What you return should be only the lines in the entries below between the one holding "Then a very" and the one holding "The best course", ends included, with every picture left out.
BEGIN EXTRACTED DATA
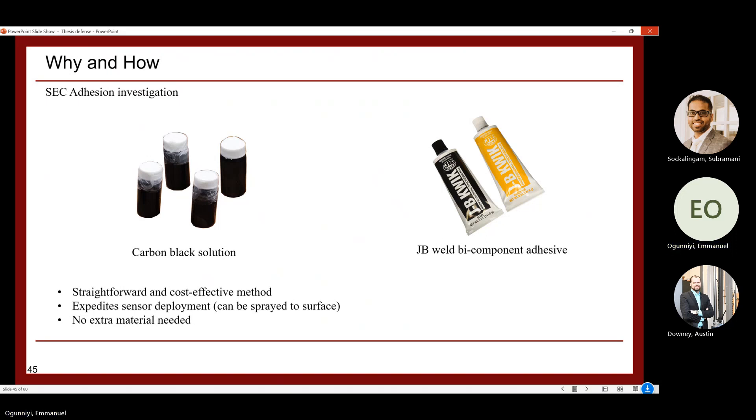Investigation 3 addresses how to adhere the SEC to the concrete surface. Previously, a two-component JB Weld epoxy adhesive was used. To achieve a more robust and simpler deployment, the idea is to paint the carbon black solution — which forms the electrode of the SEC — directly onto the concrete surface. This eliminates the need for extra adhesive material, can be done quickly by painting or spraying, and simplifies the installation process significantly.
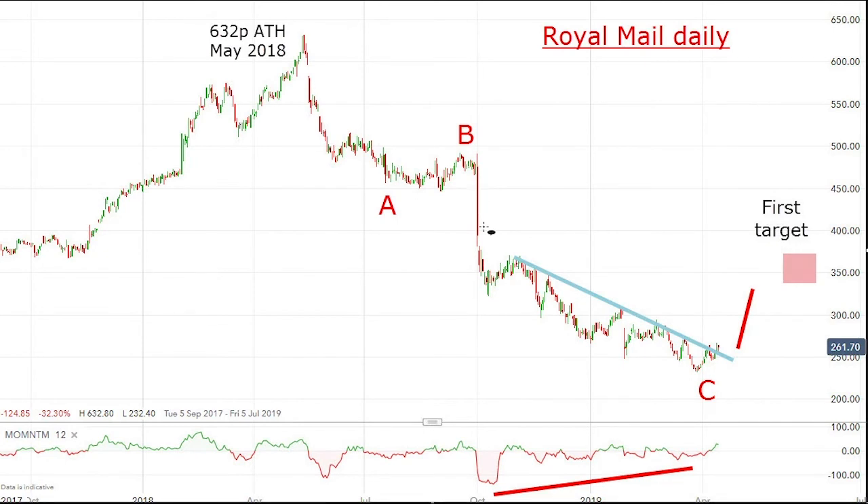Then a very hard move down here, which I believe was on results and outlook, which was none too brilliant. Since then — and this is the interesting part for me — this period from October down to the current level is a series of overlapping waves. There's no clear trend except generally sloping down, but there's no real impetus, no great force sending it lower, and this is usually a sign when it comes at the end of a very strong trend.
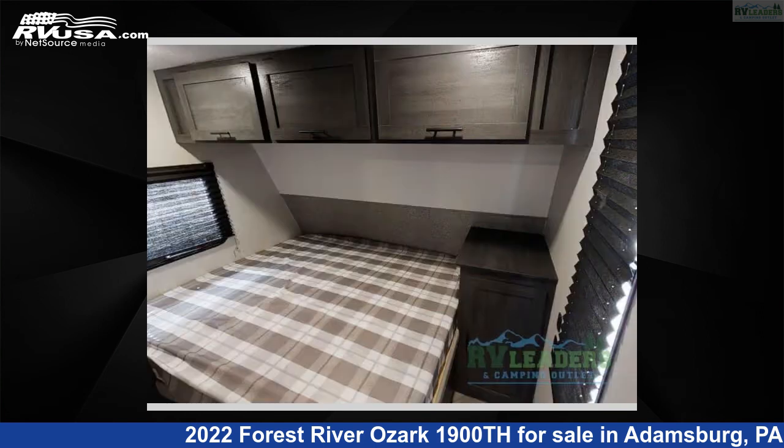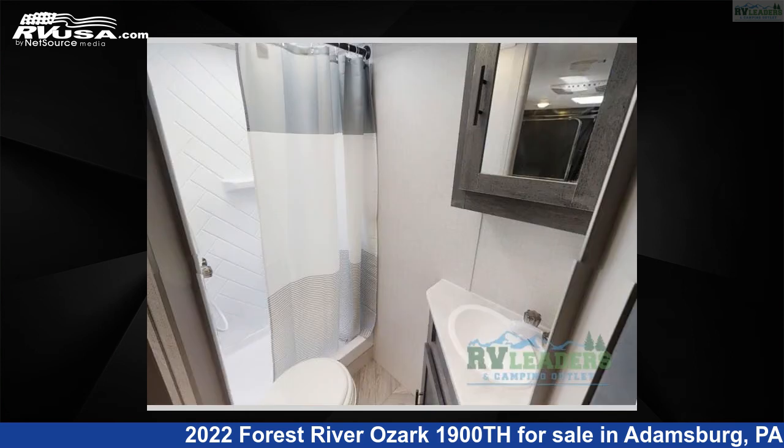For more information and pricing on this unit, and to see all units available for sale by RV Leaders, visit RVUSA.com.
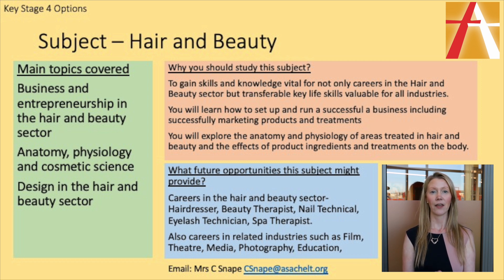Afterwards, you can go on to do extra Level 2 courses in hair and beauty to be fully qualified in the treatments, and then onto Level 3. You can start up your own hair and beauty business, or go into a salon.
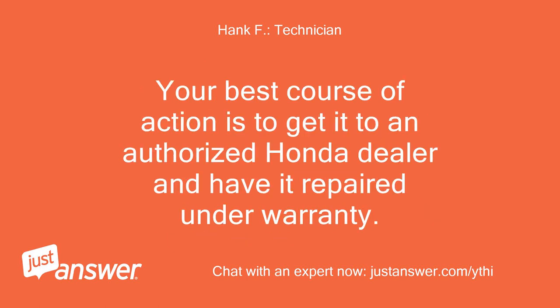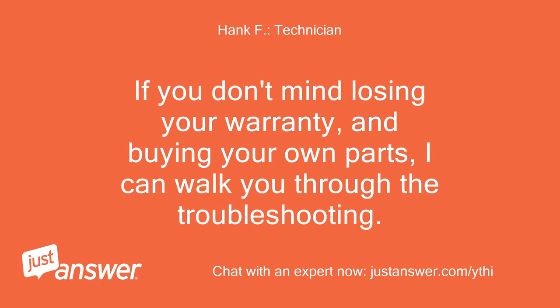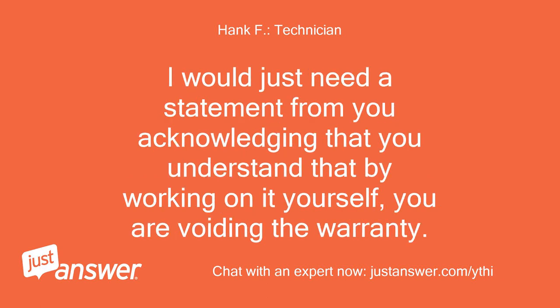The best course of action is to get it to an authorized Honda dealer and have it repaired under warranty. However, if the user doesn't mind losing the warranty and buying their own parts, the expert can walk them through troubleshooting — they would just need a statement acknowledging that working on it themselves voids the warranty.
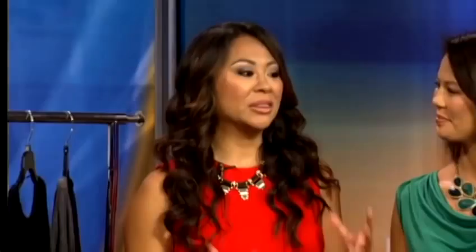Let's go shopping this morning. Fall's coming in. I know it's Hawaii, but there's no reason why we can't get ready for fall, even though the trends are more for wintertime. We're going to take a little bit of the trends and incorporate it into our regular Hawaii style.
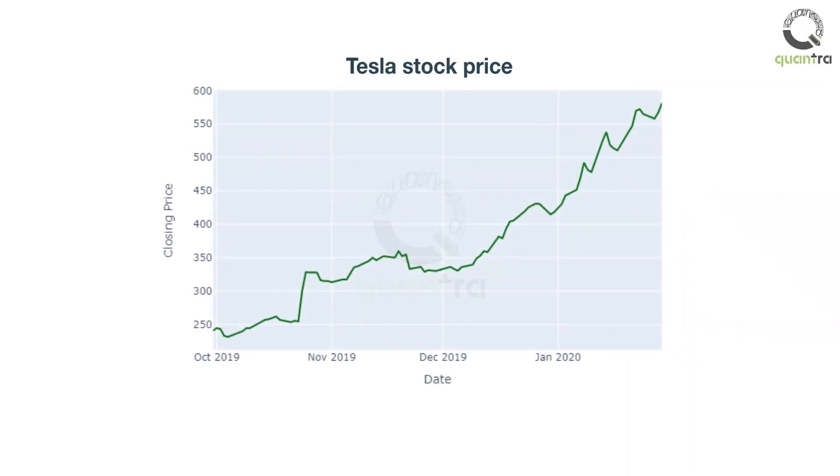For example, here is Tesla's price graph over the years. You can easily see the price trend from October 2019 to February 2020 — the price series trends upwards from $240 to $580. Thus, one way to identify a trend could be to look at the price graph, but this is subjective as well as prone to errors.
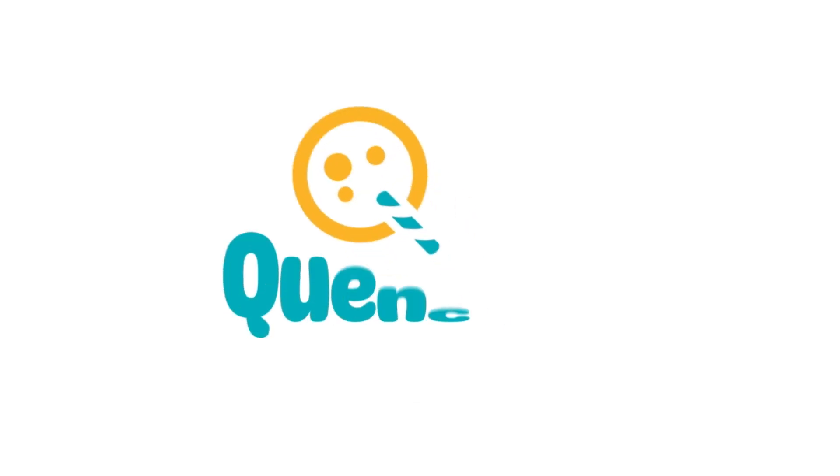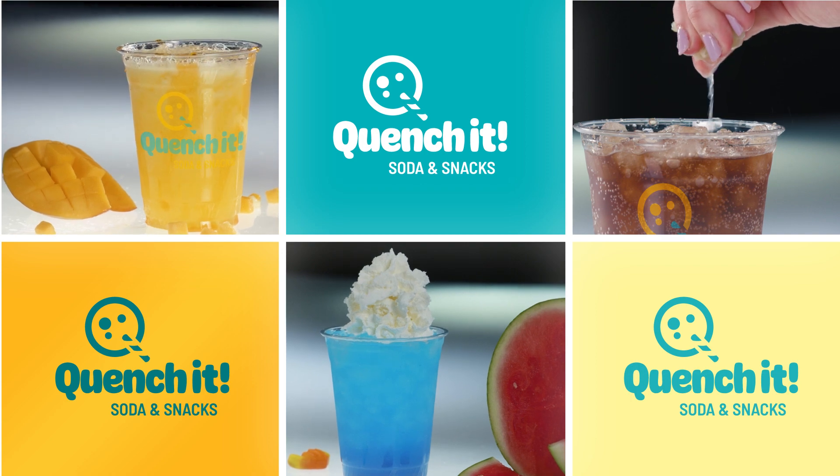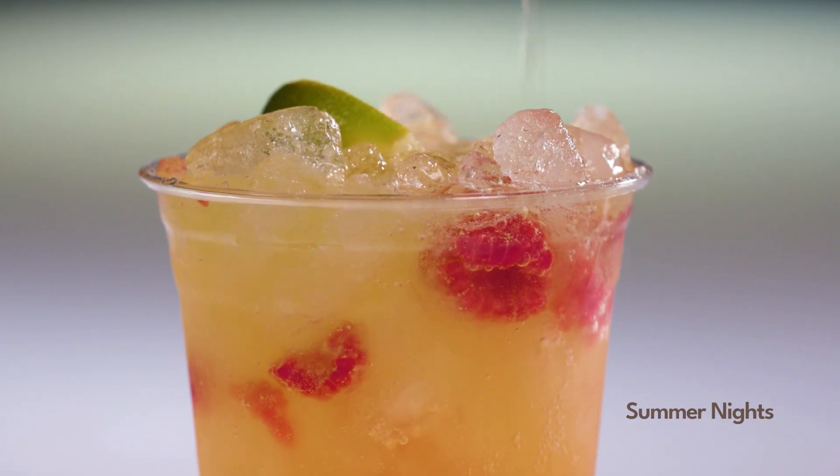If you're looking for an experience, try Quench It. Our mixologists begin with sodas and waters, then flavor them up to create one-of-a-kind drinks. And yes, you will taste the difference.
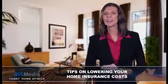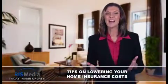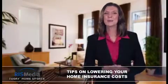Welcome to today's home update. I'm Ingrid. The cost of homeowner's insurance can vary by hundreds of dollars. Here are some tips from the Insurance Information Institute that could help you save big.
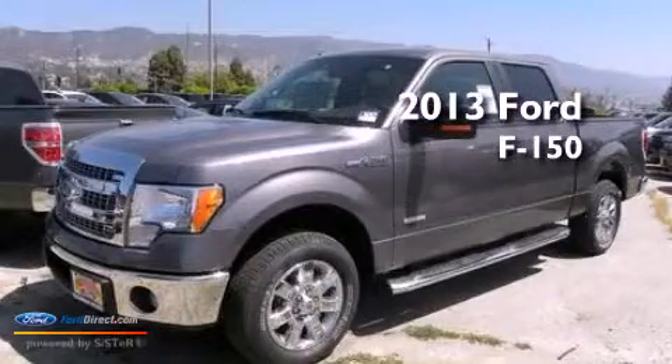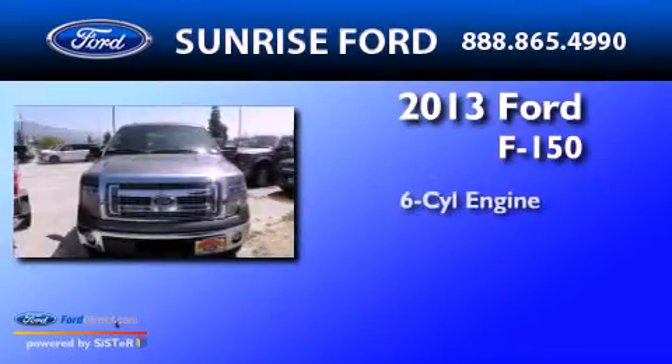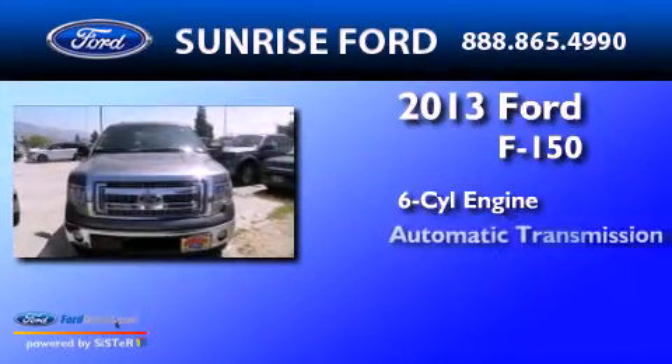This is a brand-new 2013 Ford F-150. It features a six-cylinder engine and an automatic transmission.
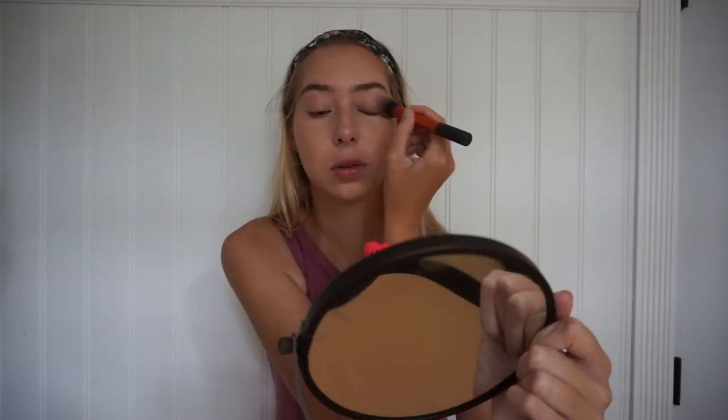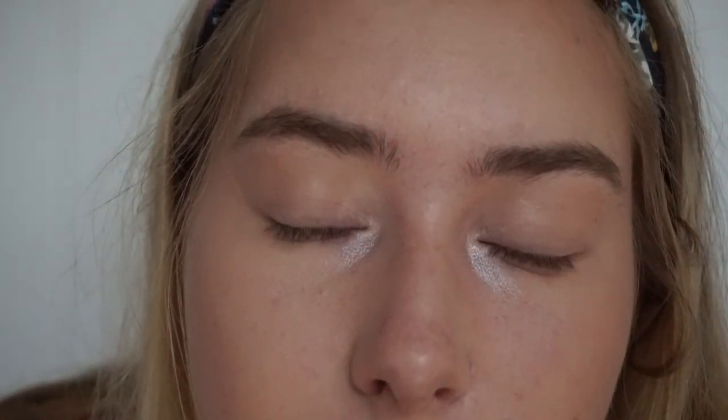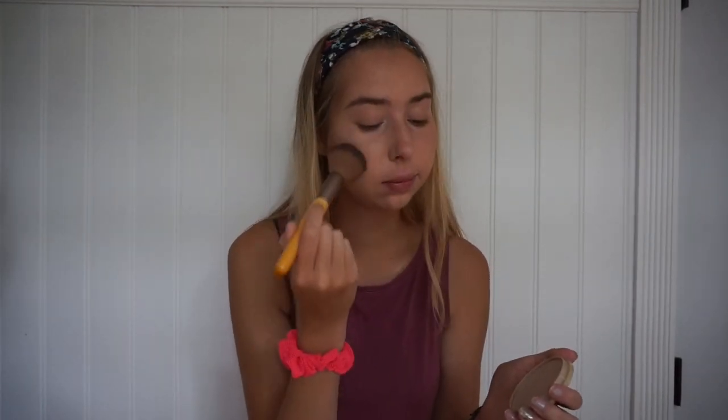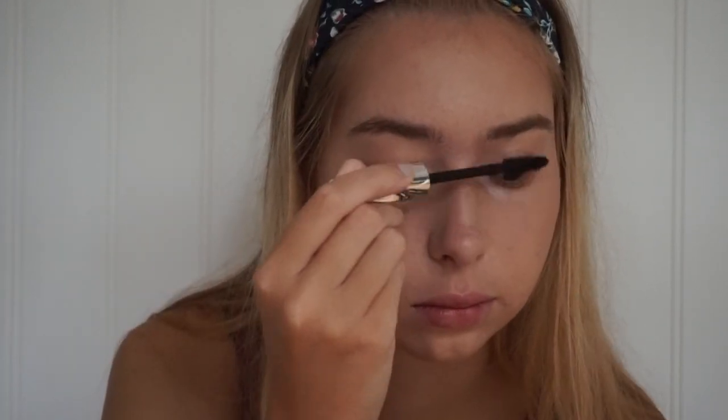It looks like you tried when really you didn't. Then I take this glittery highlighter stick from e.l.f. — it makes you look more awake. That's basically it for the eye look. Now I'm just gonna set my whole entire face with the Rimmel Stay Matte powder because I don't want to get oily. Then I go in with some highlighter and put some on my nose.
END EXTRACTED DATA
§ **ANSWER TO THIS PROBLEM**:
Then a very hard move down here, which I believe was on results and outlook, which was none too brilliant. Since then — and this is the interesting part for me — this period from October down to the current level is a series of overlapping waves. There's no clear trend except generally sloping down, but there's no real impetus, no great force sending it lower, and this is usually a sign when it comes at the end of a very strong trend.
For more information and pricing on this unit, and to see all units available for sale by RV Leaders, visit RVUSA.com.
Afterwards, you can go on to do extra Level 2 courses in hair and beauty to be fully qualified in the treatments, and then onto Level 3. You can start up your own hair and beauty business, or go into a salon.
The best course of action is to get it to an authorized Honda dealer and have it repaired under warranty. However, if the user doesn't mind losing the warranty and buying their own parts, the expert can walk them through troubleshooting — they would just need a statement acknowledging that working on it themselves voids the warranty.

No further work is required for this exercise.